- [Work order]
All lines from the one that contains "Glen Oaks Elopement" to the end of the data must be retyped exactly. Pictures are not retyped.

- [Information shown]
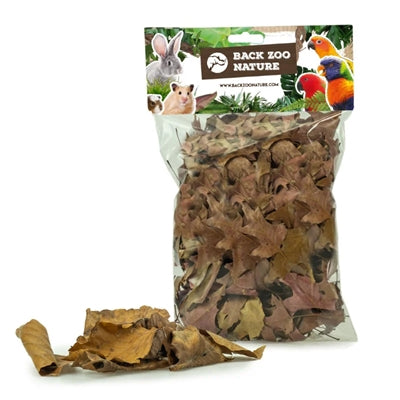 Tilbage zoo naturopdagelse blade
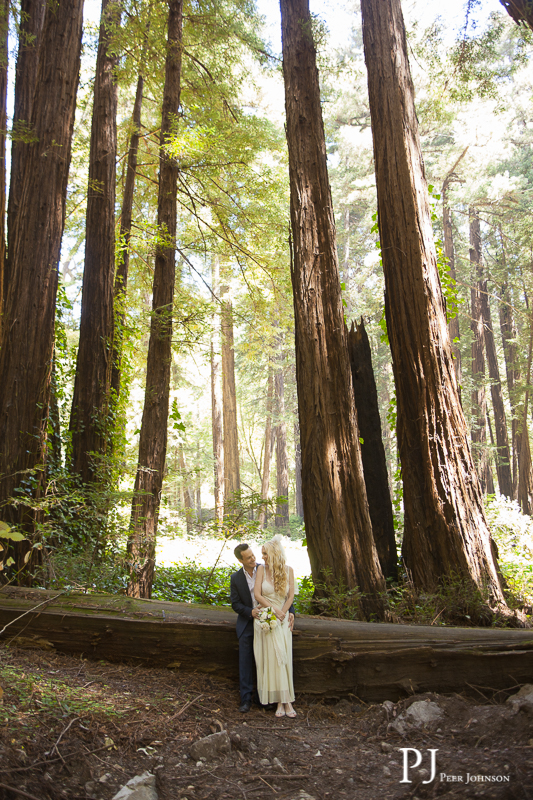 Glen Oaks Elopement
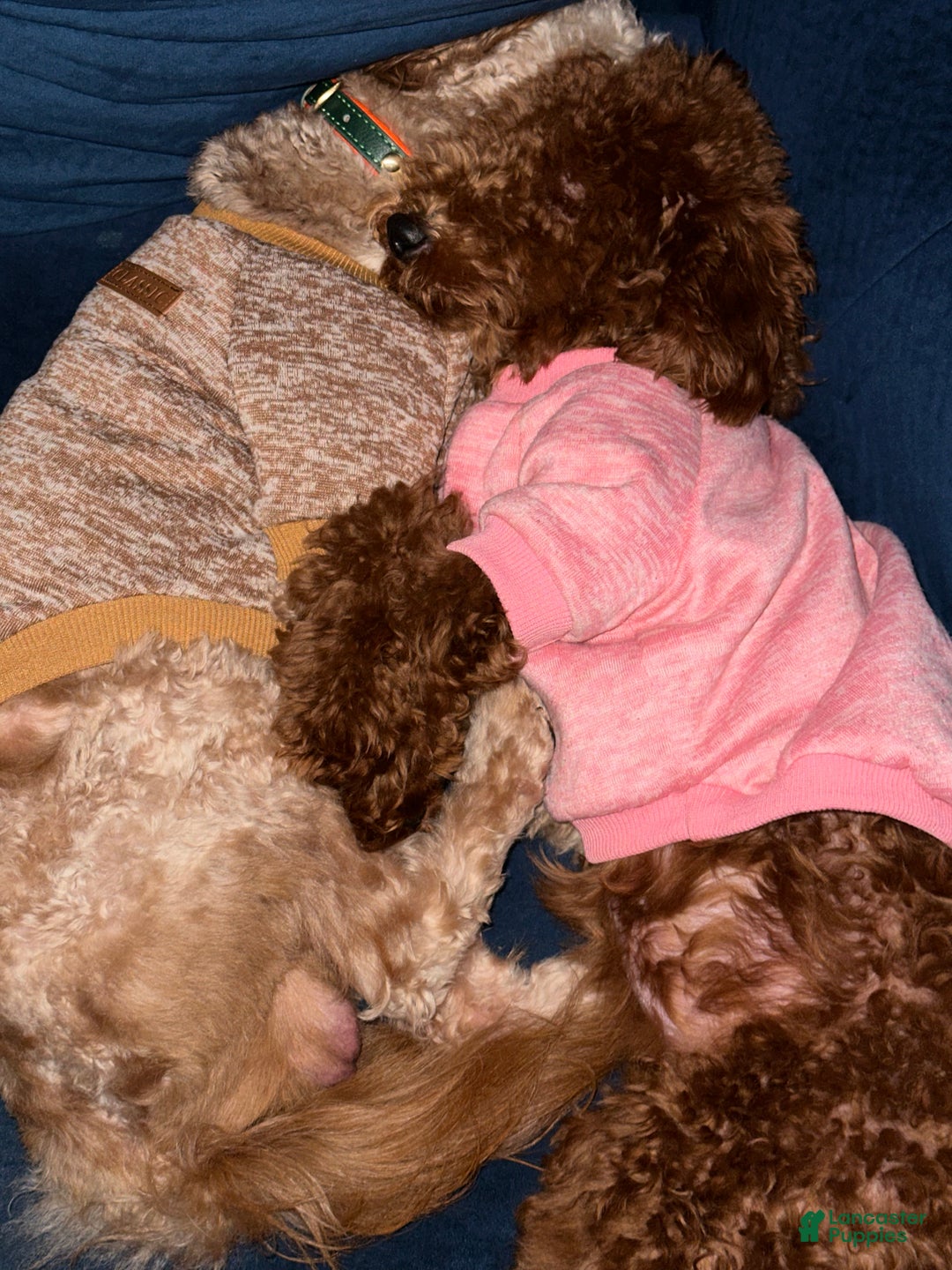 Mini Goldendoodle dogs for sale: Raven - Mini Goldendoodle  - Ad 7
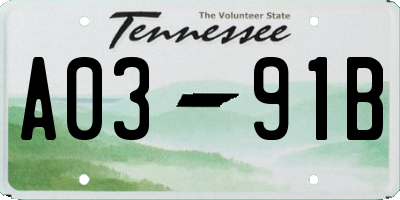 TN license plate A0391B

- [Exercise output]
 Glen Oaks Elopement
 Mini Goldendoodle dogs for sale: Raven - Mini Goldendoodle  - Ad 7
 TN license plate A0391B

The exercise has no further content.